The lawsuit, which seeks class-action status in U.S. Bankruptcy Court in Houston, contends that Fidelity National conspired with mortgage-servicing companies and law firms to "add to the indebtedness" of homeowners by tacking on secret fees -- some of which were allegedly "kicked back" -- that remain undisclosed for years.

A spokeswoman for Fidelity National, Michelle Kersch, said the "lawsuit is without merit, and appears to be an attempt to profit from the current wave of antilender sentiment created by the increase in subprime-mortgage foreclosures." Ms. Kersch said law firms don't pay kickbacks, but they do pay to access the company's Web-based technology, which gives them data on a particular mortgage.

The lawsuit involves the Jacksonville, Fla., company's default- management-services business, an area that handles bankruptcies and foreclosures for mortgage companies. Fidelity National, a publicly traded company that is unrelated to Fidelity Investments, said it handles default-mortgage servicing for 22 of the top 25 residential mortgage servicers, and 13 of the top 25 subprime servicers.

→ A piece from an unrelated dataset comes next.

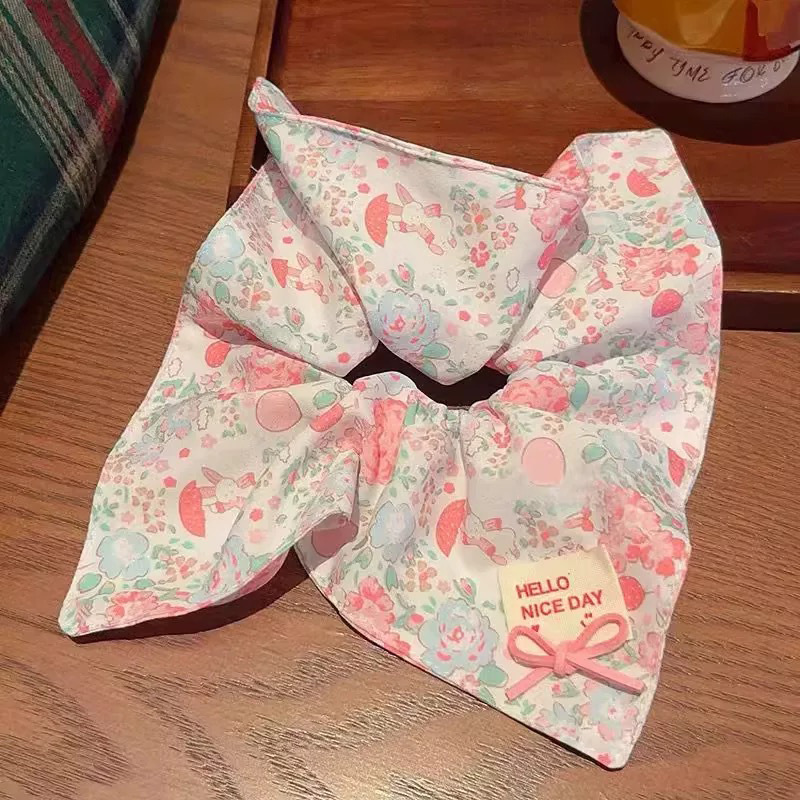 Розовый шарф, цветочный принт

The lawsuit was filed by Houston homeowners Ernest J. and Mattie Harris, after their experiences with a Chapter 13 bankruptcy filing. Chapter 13 is a process designed for people who want to pay off their debts, but need time to do it. The Harrises owed about $90,000 on their home when they filed for bankruptcy in 2003.

Twice, the Harrises said, they were forced to cover legal charges from the law firm that represented their mortgage company, Morgan Stanley's Saxon Mortgage Servicing Inc. unit.

Morgan Stanley paid the law firm, Mann & Stevens PC, $200 to file an objection to the Harrises' Chapter 13 plan. It added the $200 to their mortgage arrearages. "Then, under the 'network agreement,' Mann & Stevens kicked back $50 of that fee to Fidelity -- secretly, outside the detection of this court," the lawsuit said.

In 2004, Morgan Stanley paid the law firm $650 to file a motion that could have resulted in foreclosure. The Harrises wound up paying off the $650 legal fee, with interest, in six monthly installments. Fidelity allegedly received $150 from the law firm, the lawsuit said.

Fidelity National's practices, the lawsuit contends, run afoul of bankruptcy-court rules requiring the disclosure of fees and ethics rules banning fee-splitting by lawyers, a practice in which law firms pay for client referrals.

Morgan Stanley declined to comment. Diana Stevens, president of the law firm, declined to comment. Neither Morgan Stanley nor Mann & Stevens is a defendant in the Harrises' lawsuit.